*MATERIAL SUPPLIED*:
_ _ _
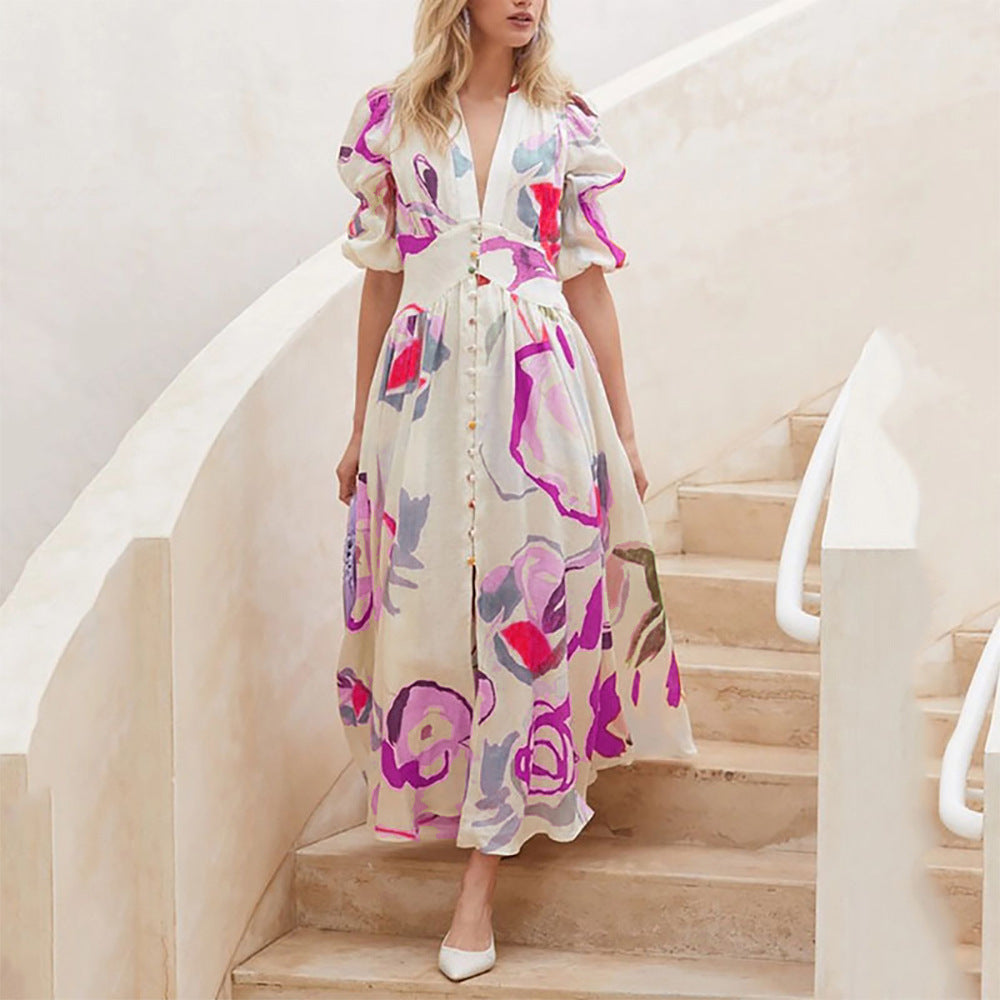Women’s Printed V-Neck Button Maxi Dress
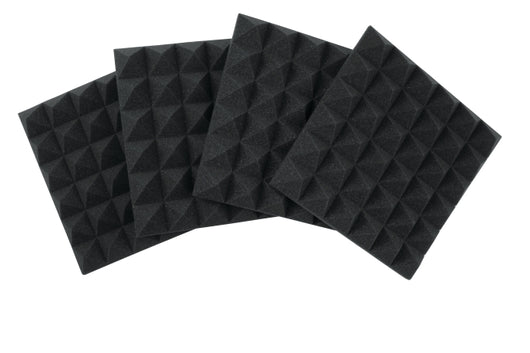 Four Pack of 2″-Thick Acoustic Foam Pyramid Panels 12″x12″ - Charcoal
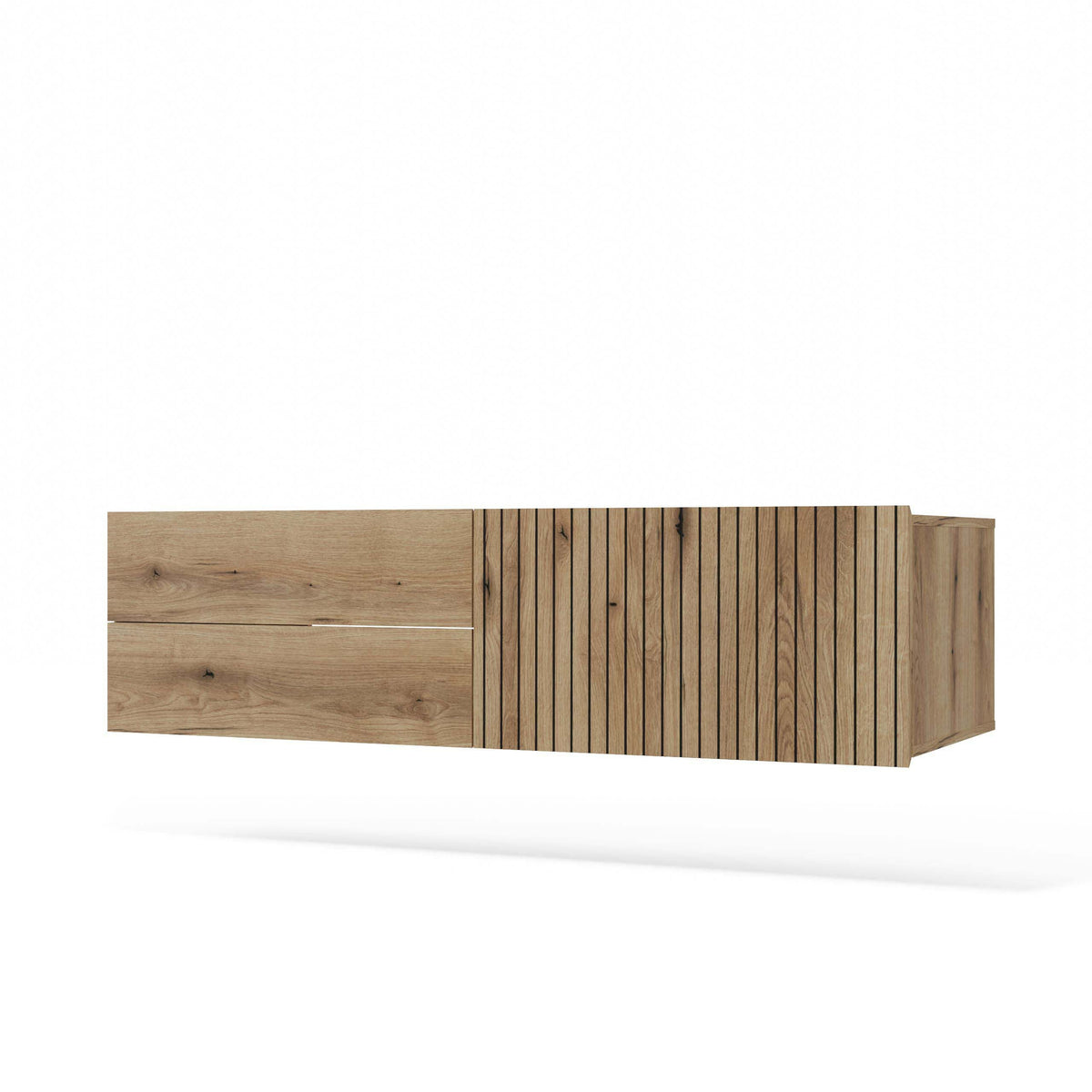 Mosdó alatti szekrény TIGO 1D2S Evoke tölgy 140 cm 2 fiókos bordázott front fali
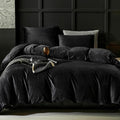 Warmdern Black Velvet Duvet Cover King Size Flannel Duvet Cover Bedding Sets, 3Pcs Ultra Soft Luxury Textured Modern Crystal Vel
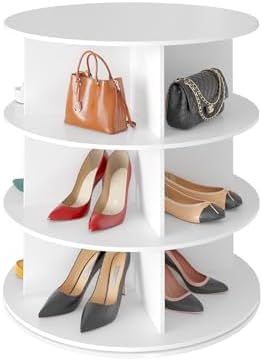 SpaceAid 3 Tier Rotating Shoe Rack Tower, Spinning Shoe Display Lazy Susan, Revolving 360 Shoe Rack Storage Round Carousel, Vertical Handbag Rotate Shoes Closet Organization (3-Tier White)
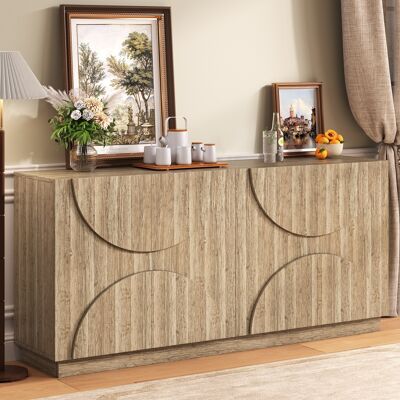 DREAMMESPACE Credenza 160x40x80 Cm - Con 4 Ante - Con Ripiani, Ribaltabile - Venature Del Legno Naturale DREAMMESPACE Credenza 160x40x80 Cm - Con 4 Ante - Con Ripiani, Ribaltabile - Venature Del Legno Naturale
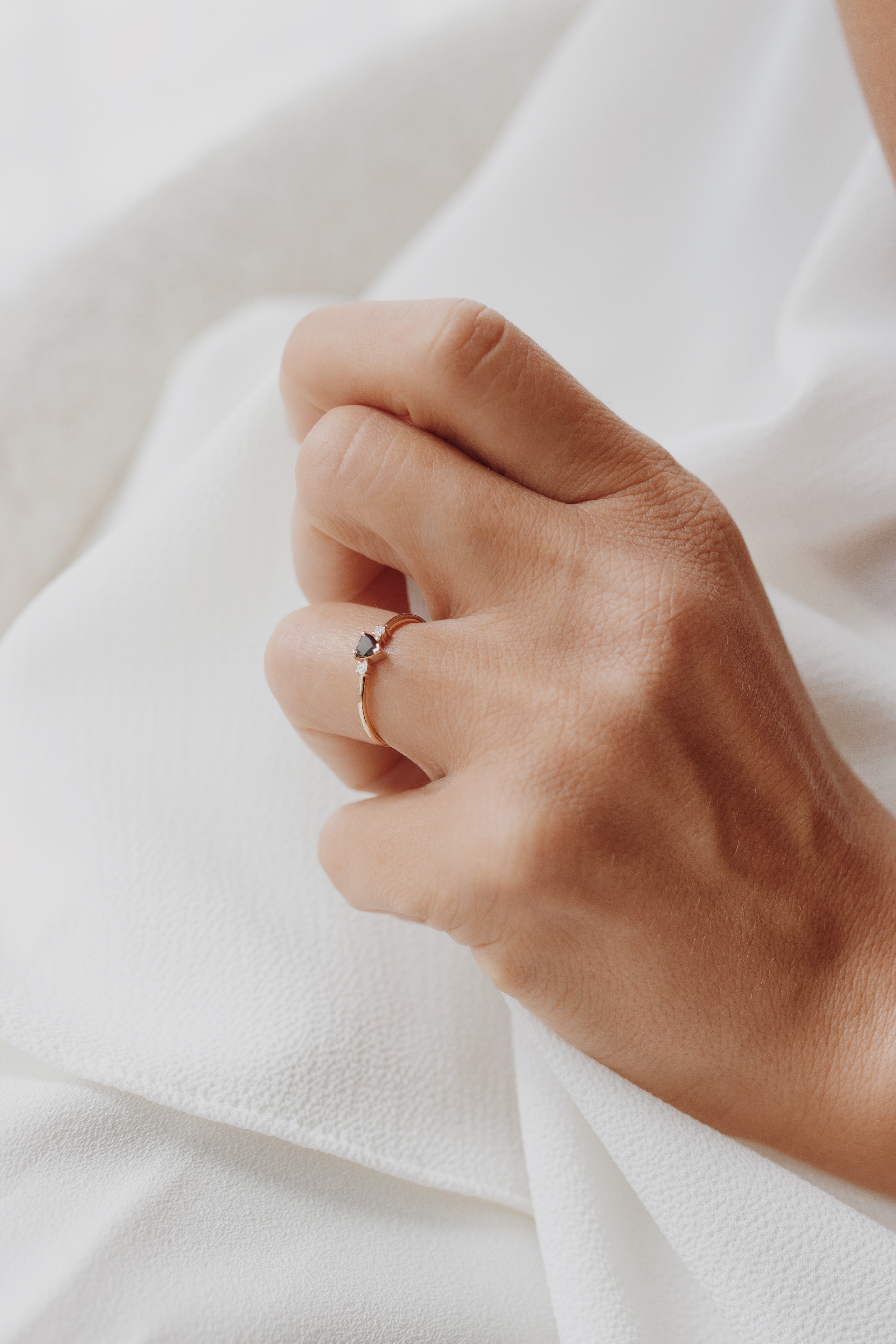 Solitaire Heart Shape Black Diamond Ring with Diamonds Orizzo fine jewelry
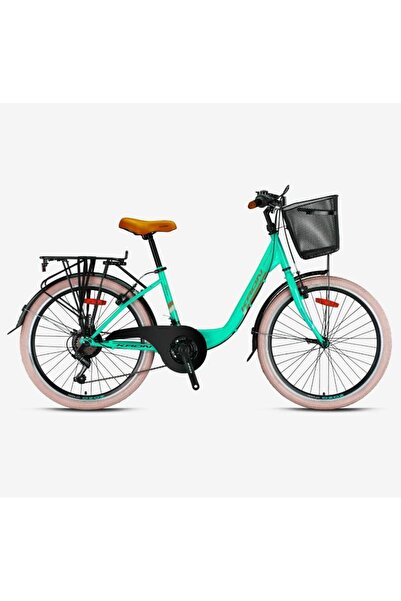 Kron Tetra 3.0 24" Jant V-fren 15 Kadro 21 Vites Sepetli Şehir Bisikleti Mint Yeşili Kahve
_ _ _
*ACTIVITY*:
Word for word, retype the material above without its pictures.

*RESULT FOR THIS TASK*:
Women’s Printed V-Neck Button Maxi Dress
 Four Pack of 2″-Thick Acoustic Foam Pyramid Panels 12″x12″ - Charcoal
 Mosdó alatti szekrény TIGO 1D2S Evoke tölgy 140 cm 2 fiókos bordázott front fali
 Warmdern Black Velvet Duvet Cover King Size Flannel Duvet Cover Bedding Sets, 3Pcs Ultra Soft Luxury Textured Modern Crystal Vel
 SpaceAid 3 Tier Rotating Shoe Rack Tower, Spinning Shoe Display Lazy Susan, Revolving 360 Shoe Rack Storage Round Carousel, Vertical Handbag Rotate Shoes Closet Organization (3-Tier White)
 DREAMMESPACE Credenza 160x40x80 Cm - Con 4 Ante - Con Ripiani, Ribaltabile - Venature Del Legno Naturale DREAMMESPACE Credenza 160x40x80 Cm - Con 4 Ante - Con Ripiani, Ribaltabile - Venature Del Legno Naturale
 Solitaire Heart Shape Black Diamond Ring with Diamonds Orizzo fine jewelry
 Kron Tetra 3.0 24" Jant V-fren 15 Kadro 21 Vites Sepetli Şehir Bisikleti Mint Yeşili Kahve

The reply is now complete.